Dataset records =
[Start of Attachment]

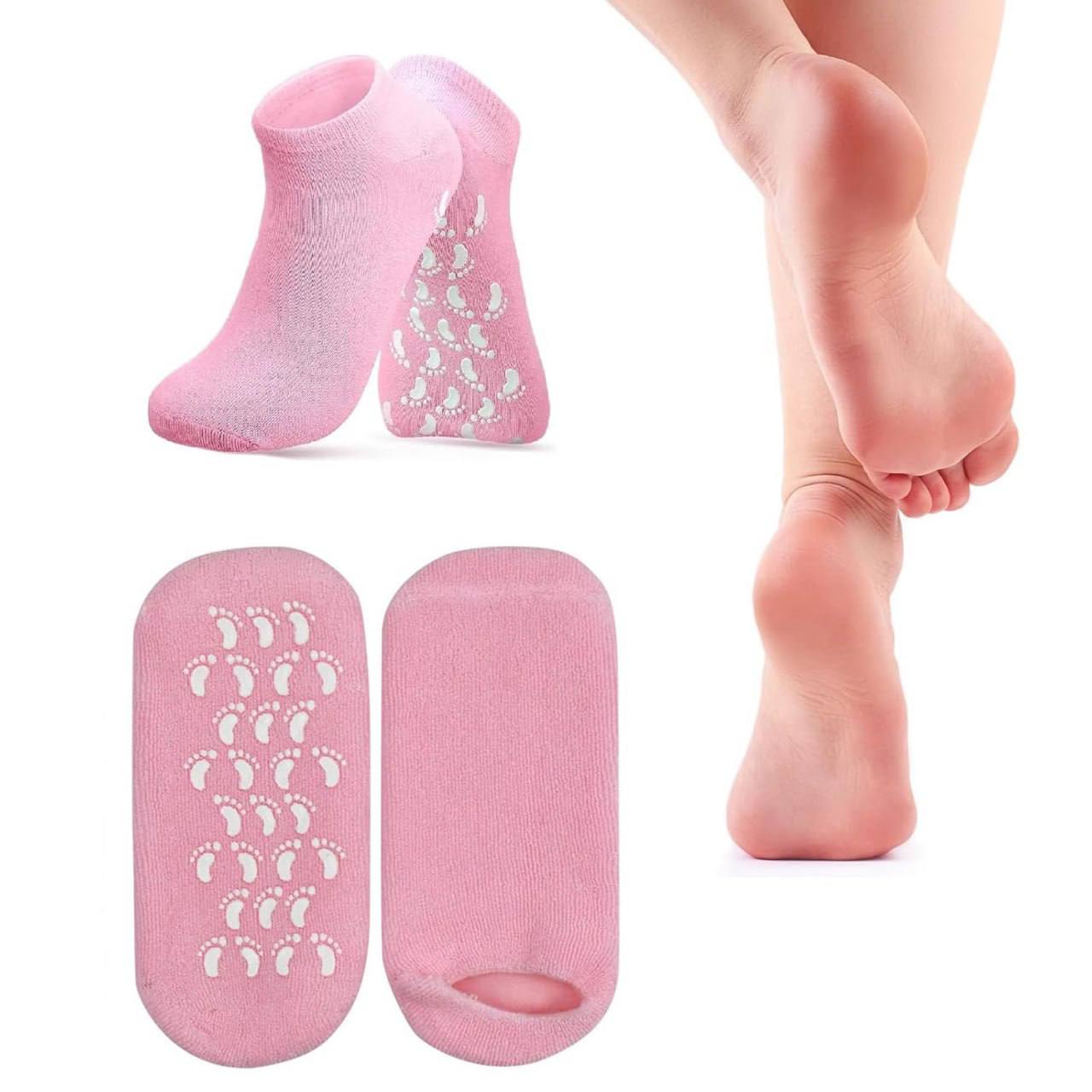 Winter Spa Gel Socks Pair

[End of Attachment]
[Start of Attachment]

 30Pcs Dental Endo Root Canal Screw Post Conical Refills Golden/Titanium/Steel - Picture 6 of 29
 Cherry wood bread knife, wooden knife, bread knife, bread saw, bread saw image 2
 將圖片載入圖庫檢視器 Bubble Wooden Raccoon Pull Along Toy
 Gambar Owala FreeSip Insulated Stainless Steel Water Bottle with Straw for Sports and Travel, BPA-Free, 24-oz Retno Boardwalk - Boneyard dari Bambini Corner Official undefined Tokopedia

[End of Attachment]

What you have to do = All lines in the listing above from the line containing "Cherry wood bread" to the line containing "Gambar Owala FreeSip", inclusive, should be retyped exactly; no other lines should appear.

Response area =
 Cherry wood bread knife, wooden knife, bread knife, bread saw, bread saw image 2
 將圖片載入圖庫檢視器 Bubble Wooden Raccoon Pull Along Toy
 Gambar Owala FreeSip Insulated Stainless Steel Water Bottle with Straw for Sports and Travel, BPA-Free, 24-oz Retno Boardwalk - Boneyard dari Bambini Corner Official undefined Tokopedia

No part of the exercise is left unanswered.